- Task instructions
How do the lines below between the ones holding "The meaning of" and "Now in Material", inclusive, read? Give them again exactly, with no other lines.

- Records for the task
Content starts

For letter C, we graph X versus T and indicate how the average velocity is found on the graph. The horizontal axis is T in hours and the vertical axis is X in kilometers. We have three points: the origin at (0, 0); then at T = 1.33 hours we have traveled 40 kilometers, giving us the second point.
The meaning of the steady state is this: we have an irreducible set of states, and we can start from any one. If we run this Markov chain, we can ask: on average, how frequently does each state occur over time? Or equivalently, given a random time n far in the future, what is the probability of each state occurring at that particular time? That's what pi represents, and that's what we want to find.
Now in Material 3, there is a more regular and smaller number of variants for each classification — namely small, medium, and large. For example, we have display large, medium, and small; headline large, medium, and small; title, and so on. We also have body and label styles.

Content ends
Content starts

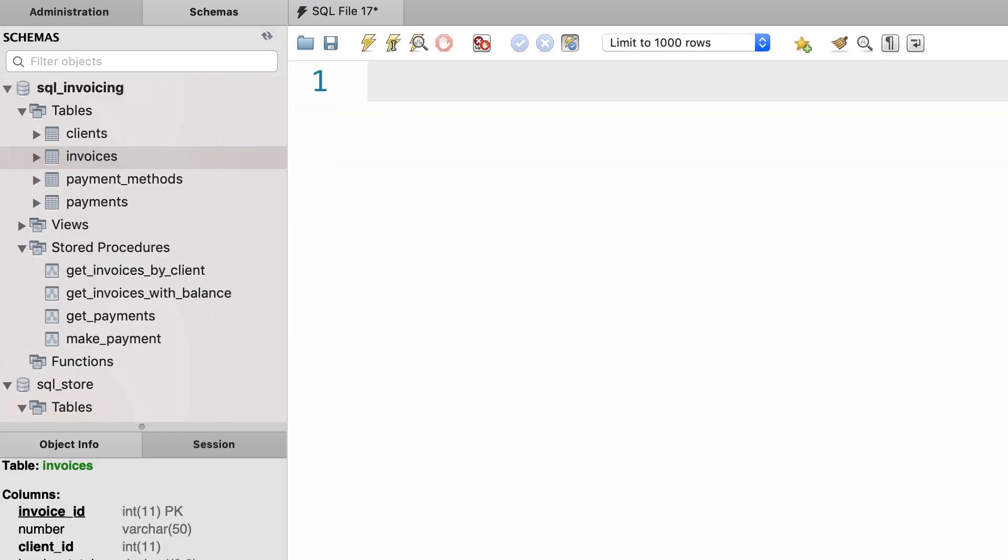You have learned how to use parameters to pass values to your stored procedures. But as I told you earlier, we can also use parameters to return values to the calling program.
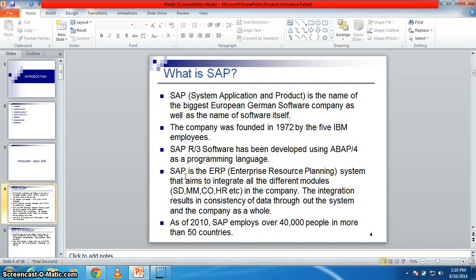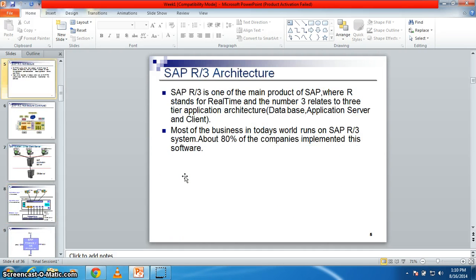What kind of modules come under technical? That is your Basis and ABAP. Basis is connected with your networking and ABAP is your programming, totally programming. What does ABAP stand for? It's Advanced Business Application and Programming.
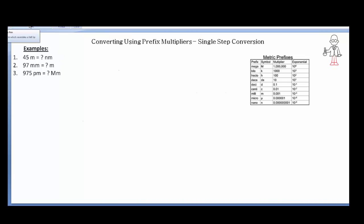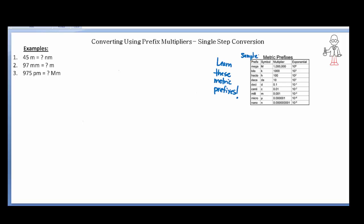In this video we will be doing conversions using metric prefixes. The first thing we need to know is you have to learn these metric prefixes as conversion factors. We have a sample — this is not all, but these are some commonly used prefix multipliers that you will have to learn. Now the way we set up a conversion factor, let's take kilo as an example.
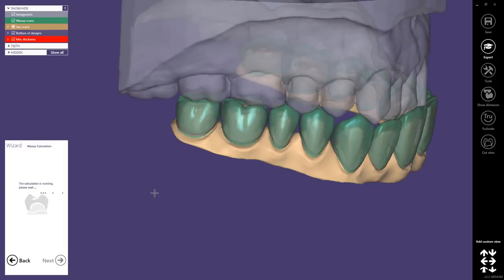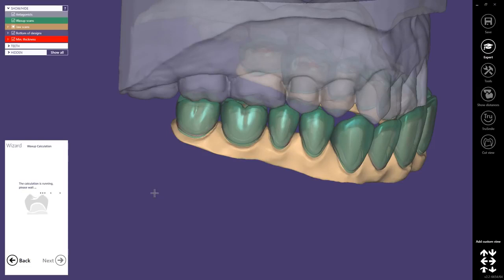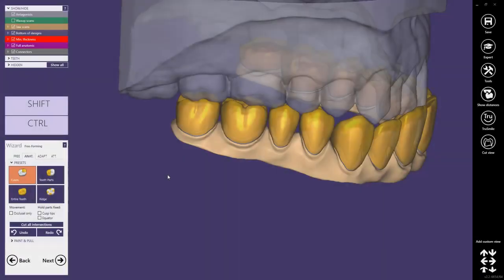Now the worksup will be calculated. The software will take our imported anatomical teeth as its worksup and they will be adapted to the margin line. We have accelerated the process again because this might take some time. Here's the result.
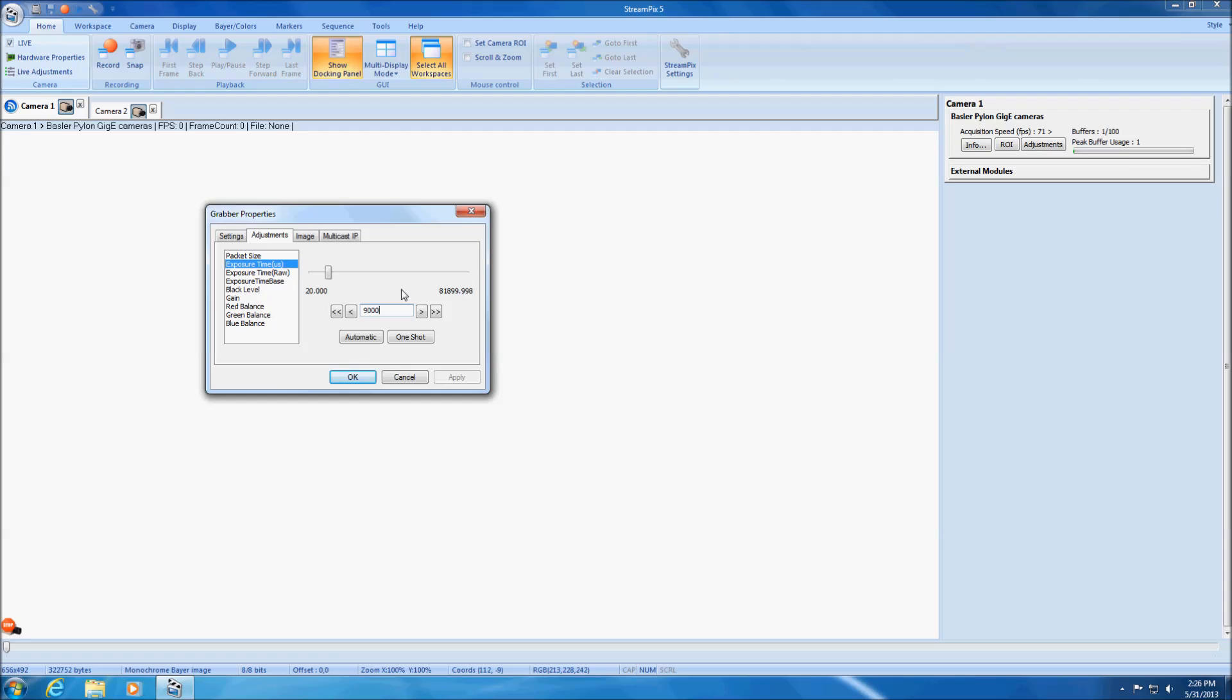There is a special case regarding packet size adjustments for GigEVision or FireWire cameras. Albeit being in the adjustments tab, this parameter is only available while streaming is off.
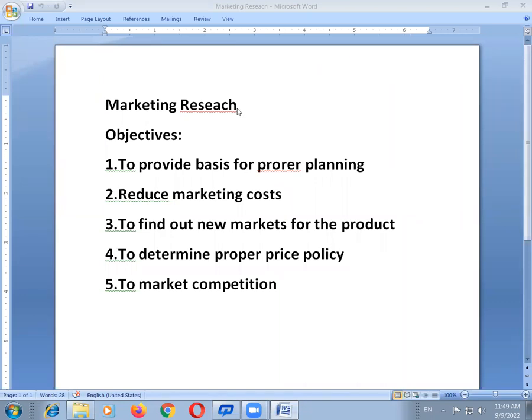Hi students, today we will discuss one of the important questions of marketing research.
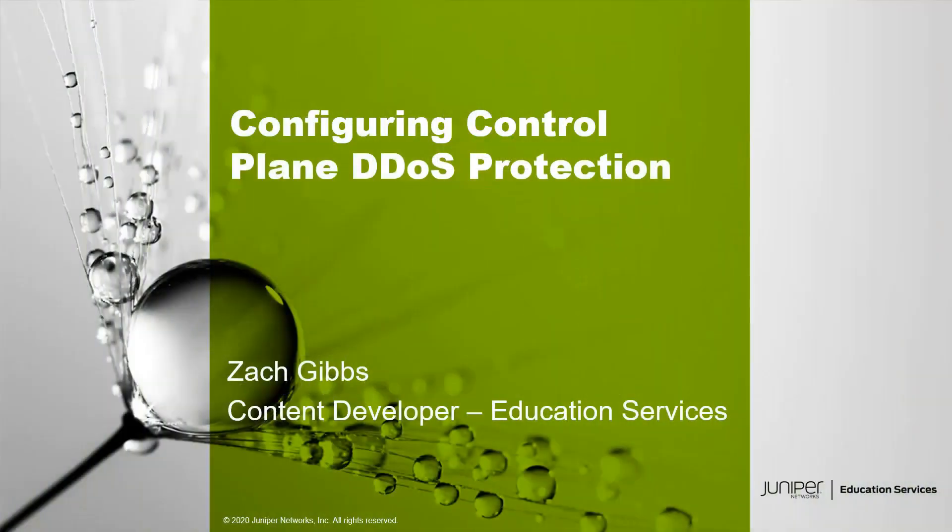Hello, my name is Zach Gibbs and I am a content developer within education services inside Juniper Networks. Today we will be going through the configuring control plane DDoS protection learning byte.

Content ends
Content starts

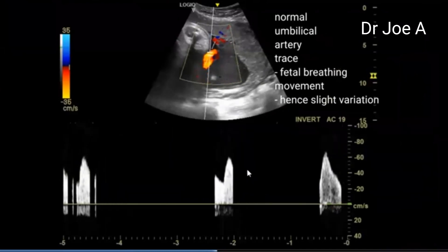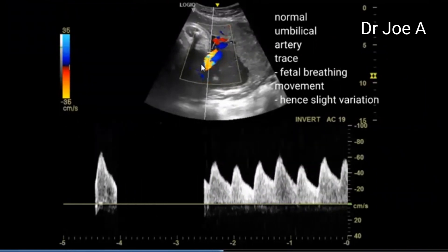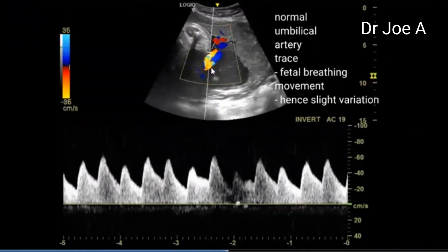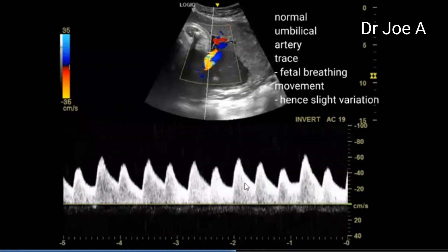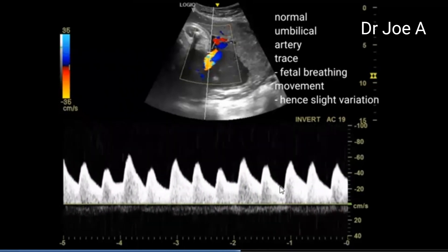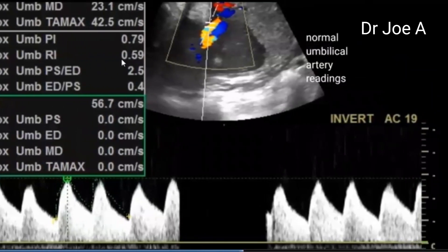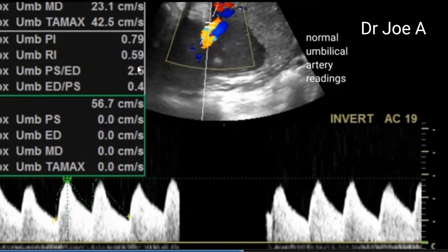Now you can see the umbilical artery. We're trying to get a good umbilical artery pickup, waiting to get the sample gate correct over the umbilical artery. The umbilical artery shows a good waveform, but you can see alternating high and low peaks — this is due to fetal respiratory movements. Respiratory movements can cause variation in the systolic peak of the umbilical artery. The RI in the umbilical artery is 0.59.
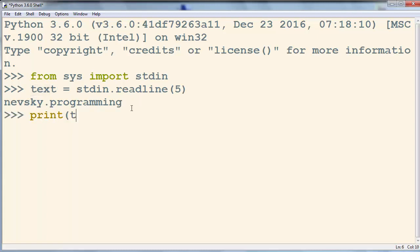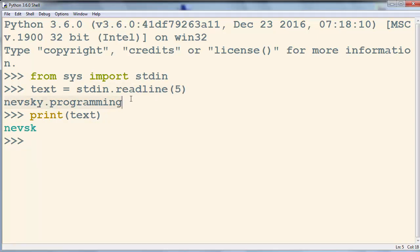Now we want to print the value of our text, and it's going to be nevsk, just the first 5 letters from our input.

Content ends

- Result of the task
The meaning of the steady state is this: we have an irreducible set of states, and we can start from any one. If we run this Markov chain, we can ask: on average, how frequently does each state occur over time? Or equivalently, given a random time n far in the future, what is the probability of each state occurring at that particular time? That's what pi represents, and that's what we want to find.
Now in Material 3, there is a more regular and smaller number of variants for each classification — namely small, medium, and large. For example, we have display large, medium, and small; headline large, medium, and small; title, and so on. We also have body and label styles.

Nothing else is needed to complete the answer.